Five-time major championship winner Phil Mickelson is now just a U.S. Open championship from a career grand slam after surging to the front of a packed leaderboard Sunday at Muirfield to win the British Open and lift his first Claret Jug.
GULLANE, Scotland — After huffing and puffing at the British Open so often in the past, Phil Mickelson finally blew the house down by romping to a three-shot victory over Swede Henrik Stenson in golf’s oldest major on Sunday.
The American left-hander took advantage of a jittery last round from overnight leader Lee Westwood by firing a 5-under 66 to finish the championship at 3-under on a cool and breezy day on the east coast of Scotland.
Mickelson was the beneficiary of a fortunate bounce with his approach shot on No. 18 and after rolling in a 10-foot birdie putt he raised both arms in the air before hugging Jim “Bones” Mackay as his long-serving caddie wiped away some tears.
Muirfield once again lived up to its reputation for providing great champions as the popular Californian picked up the fifth major title of his career.
It was Mickelson’s 20th appearance at the British Open and only the third time he had finished in the top 10.
“That was one of the best rounds of golf I’ve ever played,” he said as he cradled the coveted Claret Jug in his arms at the presentation ceremony at the conclusion of the 142nd Open.
“I could not be more proud to be your champion.
“To play probably the best round of my career is probably the most fulfilling moment of my career because it is something I thought I would never do here.”
Stenson closed with a 70, ending up one stroke ahead of Westwood (75), Australian Adam Scott (72) and a fired-up Ian Poulter (67) who launched a spectacular last-day assault with an eagle-birdie-birdie-birdie burst from the ninth.
World number one Tiger Woods, like Westwood, was strangely out of sorts and never threatened to challenge for the first prize of 945,000 pounds ($1.44 million).
Fourteen-times major champion Woods, bidding to end a five-year wait for a win in one of golf’s big four events, could be heard muttering darkly to himself throughout the round as he slid to a 74 to take a share of sixth place on 286.
Mickelson, who won last week’s Scottish Open, said his triumph made up for the disappointment of losing out to Britain’s Justin Rose in the last round of the U.S. Open a month ago.
“The range of emotions are as far apart as possible following the loss at Merion,” added the 43-year-old.
“To win here feels amazing but you have to be resilient in this game, you have to accept the losses as well as you accept the victories.
“This is such an accomplishment for me.
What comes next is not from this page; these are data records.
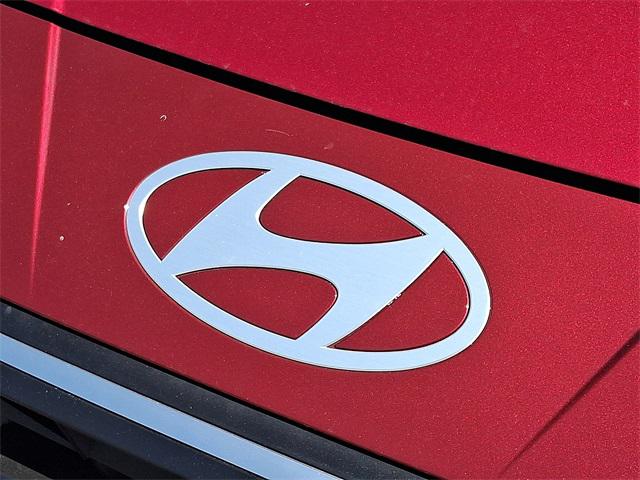 2025 Hyundai Elantra SEL Sport photo 3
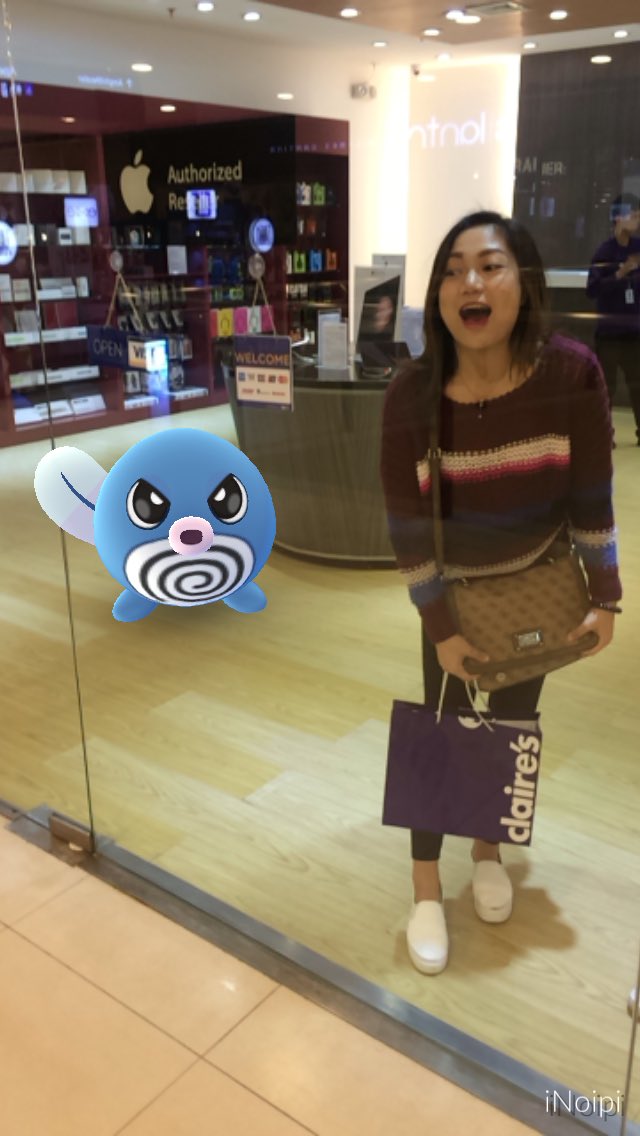 iNOiPi's tweet photo. look who's lurking @ sw!tch. #PokemonGoLocationPH #Pokemon https://t.co/aH6wtOKyen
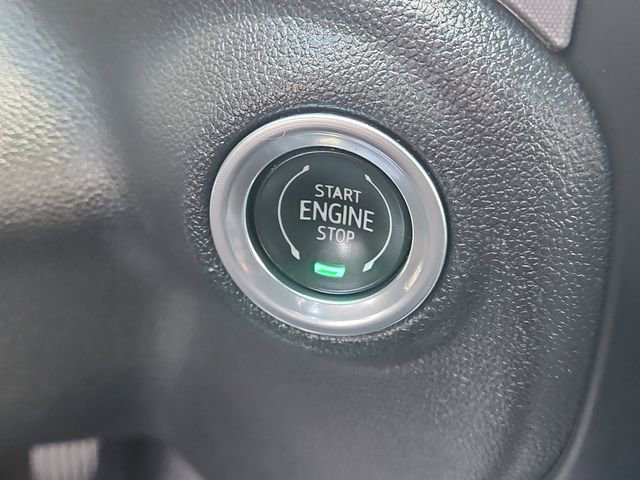 Used 2021 GMC Sierra 1500 SLT w/ SLT Premium Plus Package AWD/4WD image 29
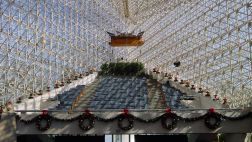 Iglesia transparente: Conoce este monumento hecho de cristal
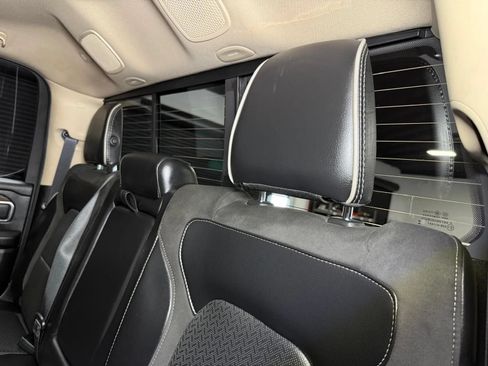 Used 2020 RAM 1500 Laramie AWD/4WD image 19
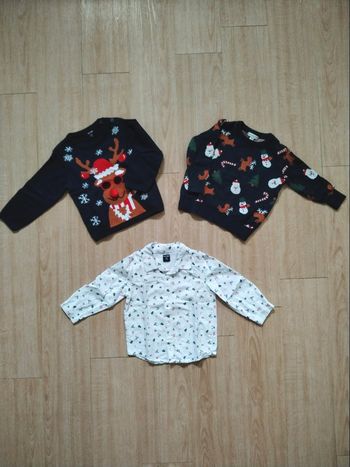Lot pulls et chemise de noël 2 ans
I just never knew I could develop the game that I needed to play links golf effectively.”
Mickelson was on the fringes of contention on the front nine but suddenly lit the blue touch paper on his game with birdies at the 13th and 14th.
The world number five, watched by wife Amy and his children, then delivered a dazzling coup de grace on the 575-yard 17th.
Mickelson reached the green with two crunching blows, crying ‘Go, Baby, Go’ as his second shot came to rest on the green, and the title was effectively secured when he two-putted for his sixth birdie of the round.
While the American was buzzing, Westwood felt deflated after wasting a glorious opportunity to end his wait for a breakthrough major victory at the 62nd attempt.
Hundreds of British fans started streaming towards the exits with the Englishman on the 17th hole.
The crowds, who had to contend with the coolest temperatures of the week and winds gusting up to 25mph, cheered patriotically for Westwood early on but the atmosphere fell flat around the turn as their man started to struggle.
“I didn’t play that badly today but the round came apart at the seventh, eighth and ninth,” said the 40-year-old. “I found three bunkers and each time the ball was plugged but that is the defence of the golf course.
“It seems like an over-40 championship now, it seems like you have to be 42 or 43 to win it,” he added, referring to the victories by Ernie Els last year and his close friend Darren Clarke in 2011.
Westwood was particularly irked when he was distracted at the seventh and found sand off the tee.
“I can’t believe you clicked your camera at the top of my back swing,” he fumed at a photographer.
Conditions were difficult for scoring, just as they had been all through the championship, and sub-par rounds were few and far between on Sunday.
Els finished in a tie for 26th place despite producing the shot of the day when his approach at the 17th bounced straight into the cup for an eagle three.